Il suo pentimento si verifica a distanza di quasi 25 anni dalla cattura e dopo una lunghissima detenzione al 41 bis, quando il suo clan è già da tempo in gran parte smantellato e a pochi giorni di distanza del trentesimo anniversario dell’uccisione di don Peppino Diana all’interno della Chiesa di Casal di Principe. In ogni caso, egli non ha seguito la strada di un Totò Riina, di un Bernardo Provenzano, di un Raffaele Cutolo, di un Girolamo Piromalli, cioè di alcuni boss (del suo stesso peso all’interno della propria organizzazione) che non si sono mai pentiti. Sicuramente avrà tante cose da raccontare agli inquirenti, un pezzo di storia del nostro paese potrà venire fuori dalle sue parole, a partire da ciò che veramente successe durante la crisi di rifiuti che mise in ginocchio Napoli e la Campania nei primi anni del 2000 e che si risolse improvvisamente appena Berlusconi ritornò al governo nel 2008.
Sandokan è una delle più riusciti interpreti del capitalismo criminale nel nostro paese. Egli è la dimostrazione che i mafiosi sono assassini e al tempo stesso uomini d’affari. Ecco perché va sempre ricordato che Cosa nostra è solo una forma originale di mafia ma non quella esclusiva. Infatti, sia alcuni clan di camorra sia altri di ‘ndrangheta hanno dato alla violenza un indirizzo imprenditoriale più marcato, come già era avvenuto in Sicilia nei decenni precedenti. Schiavone è stato uno dei principali protagonisti di questa svolta, testimoniando nei fatti che tra illegalità, violenza e mercato non è mai esistita una contrapposizione totale, ma al contrario una forte interconnessione: si può fare economia anche fuori o addirittura contro la legge. Il cuore delle attività mafiose (anche se illegali) non è l’omicidio ma il profitto. Il profitto è solo il fine, la violenza il mezzo.
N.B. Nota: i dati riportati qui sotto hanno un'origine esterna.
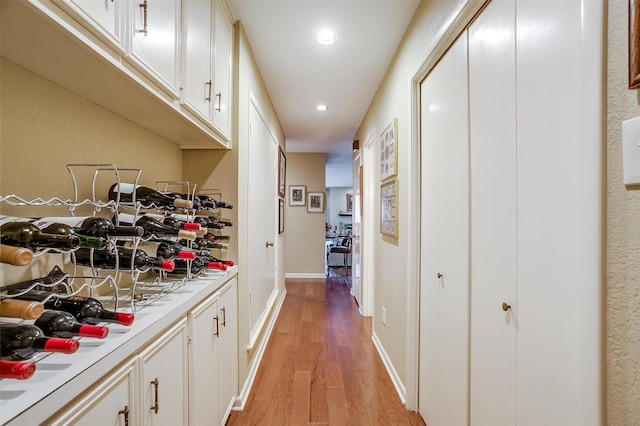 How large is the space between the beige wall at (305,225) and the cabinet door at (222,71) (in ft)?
13.9

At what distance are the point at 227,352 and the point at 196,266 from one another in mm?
564

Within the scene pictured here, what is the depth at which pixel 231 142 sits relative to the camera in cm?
189

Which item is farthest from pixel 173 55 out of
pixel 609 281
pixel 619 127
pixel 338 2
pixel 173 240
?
pixel 609 281

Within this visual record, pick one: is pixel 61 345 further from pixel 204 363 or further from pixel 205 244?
pixel 205 244

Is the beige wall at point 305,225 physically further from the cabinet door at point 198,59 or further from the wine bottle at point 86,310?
the wine bottle at point 86,310

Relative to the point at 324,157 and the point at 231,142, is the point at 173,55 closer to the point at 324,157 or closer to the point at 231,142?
the point at 231,142

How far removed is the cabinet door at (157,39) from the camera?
901 mm

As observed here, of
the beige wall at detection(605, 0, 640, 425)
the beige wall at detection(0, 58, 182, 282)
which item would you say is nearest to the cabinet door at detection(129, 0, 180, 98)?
the beige wall at detection(0, 58, 182, 282)

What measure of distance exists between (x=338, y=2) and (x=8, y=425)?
2092mm

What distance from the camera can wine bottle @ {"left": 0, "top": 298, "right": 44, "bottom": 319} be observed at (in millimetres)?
491

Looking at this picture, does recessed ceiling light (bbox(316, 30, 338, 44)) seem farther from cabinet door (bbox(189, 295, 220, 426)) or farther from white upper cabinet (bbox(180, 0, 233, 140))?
cabinet door (bbox(189, 295, 220, 426))

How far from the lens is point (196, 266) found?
59.4 inches

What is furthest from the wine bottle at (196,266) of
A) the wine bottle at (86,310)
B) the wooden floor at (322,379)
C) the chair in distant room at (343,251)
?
the chair in distant room at (343,251)

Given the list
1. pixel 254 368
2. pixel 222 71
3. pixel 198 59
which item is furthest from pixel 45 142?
pixel 254 368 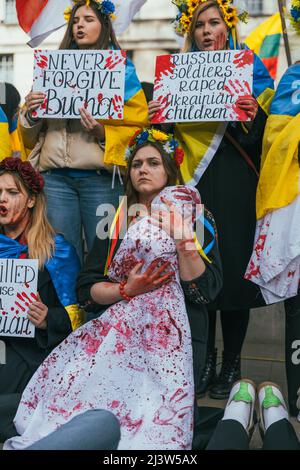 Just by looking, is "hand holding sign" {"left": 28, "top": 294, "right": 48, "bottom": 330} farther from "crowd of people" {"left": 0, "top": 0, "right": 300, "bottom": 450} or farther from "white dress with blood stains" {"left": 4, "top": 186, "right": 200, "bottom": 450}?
"white dress with blood stains" {"left": 4, "top": 186, "right": 200, "bottom": 450}

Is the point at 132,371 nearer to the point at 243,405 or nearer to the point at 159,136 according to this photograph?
the point at 243,405

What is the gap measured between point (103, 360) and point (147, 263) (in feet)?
1.56

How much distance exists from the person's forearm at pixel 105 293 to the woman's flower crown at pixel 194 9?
64.2 inches

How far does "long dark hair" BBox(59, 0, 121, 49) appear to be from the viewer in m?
4.59

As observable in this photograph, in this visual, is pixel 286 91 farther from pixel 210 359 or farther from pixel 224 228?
pixel 210 359

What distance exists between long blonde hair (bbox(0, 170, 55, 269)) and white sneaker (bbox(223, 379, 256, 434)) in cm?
126

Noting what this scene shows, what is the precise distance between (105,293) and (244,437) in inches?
40.1

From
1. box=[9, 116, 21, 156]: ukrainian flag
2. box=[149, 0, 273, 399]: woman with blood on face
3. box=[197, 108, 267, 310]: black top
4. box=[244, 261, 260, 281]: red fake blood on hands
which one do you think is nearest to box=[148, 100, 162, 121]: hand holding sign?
box=[149, 0, 273, 399]: woman with blood on face

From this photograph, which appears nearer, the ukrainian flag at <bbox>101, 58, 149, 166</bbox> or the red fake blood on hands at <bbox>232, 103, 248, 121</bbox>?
the red fake blood on hands at <bbox>232, 103, 248, 121</bbox>

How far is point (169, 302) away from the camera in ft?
11.8

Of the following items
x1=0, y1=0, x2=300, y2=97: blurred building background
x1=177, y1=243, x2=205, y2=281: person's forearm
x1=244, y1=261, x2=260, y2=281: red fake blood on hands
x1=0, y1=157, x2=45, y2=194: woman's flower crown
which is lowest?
x1=244, y1=261, x2=260, y2=281: red fake blood on hands

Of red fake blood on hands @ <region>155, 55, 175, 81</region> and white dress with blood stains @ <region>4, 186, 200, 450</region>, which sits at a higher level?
red fake blood on hands @ <region>155, 55, 175, 81</region>

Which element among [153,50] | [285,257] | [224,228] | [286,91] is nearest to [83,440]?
[285,257]

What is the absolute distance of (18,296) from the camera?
4.03 metres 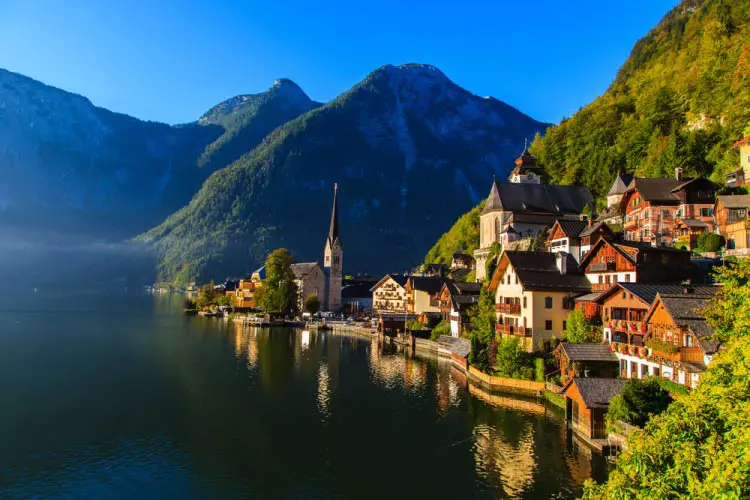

È come se i mafiosi fossero imprenditori di due mondi, quello illegale e quello legale. La loro abilità consiste nello spostarsi dall’uno all’altro campo senza grandi difficoltà e senza mai abbandonare l’uno per l’altro. I suoi affari andavano dal campo delle produzioni agricole a quello dell’edilizia post-terremoto del 1980, dalla costruzione di tante infrastrutture di collegamento (a partire dalla realizzazione dell’alta velocità Napoli-Roma), a quello dei rifiuti, trasformando le campagne tra Caserta e Napoli nella più altra concentrazione di rifiuti tossici d’Italia, smaltiti a basso prezzo per molte industrie del Centro-Nord. Il clan dei casalesi dette addirittura vita a due consorzi per la produzione di cemento che in regime di monopolio rifornivano tutte le ditte del settore. E alcuni dei suoi referenti divennero i distributori monopolisti dei prodotti Cirio e Parmalat. Per decenni Caserta e il suo territorio sono stati una zona franca per i criminali. La camorra casalese ha avuto il vantaggio di un ventennio prima di diventare un problema serio per gli apparati repressivi dello Stato. Ha scritto a proposito Federico Cafiero de Raho: “Quando nel 1993 iniziai le indagini sui casalesi, per prima cosa telefonai ai comandanti delle varie stazioni dei carabinieri della zona. Nessuno però ammise di sapere che nel casertano c’era la camorra”.
Un prefetto di Caserta ebbe a dichiarare il 30 luglio 1997 (quando già la camorra controllava ampiamente il settore dei rifiuti) che “per quanto riguarda le presenze malavitose nel settore dei rifiuti solidi siamo ancora ai si dice. Riscontri obiettivi sulla presenza della criminalità organizzata non ne abbiamo”.
Ciò a dimostrazione che il successo della criminalità organizzata è sempre la parte evidente della disorganizzazione dello Stato e dei suoi apparati o della aperta connivenza di ambienti non mafiosi. Se Sandokan raccontasse quali consensi ha avuto nel mondo delle imprese legali, darebbe un grande
contributo alla comprensione del funzionamento reale di settori importanti della nostra economia.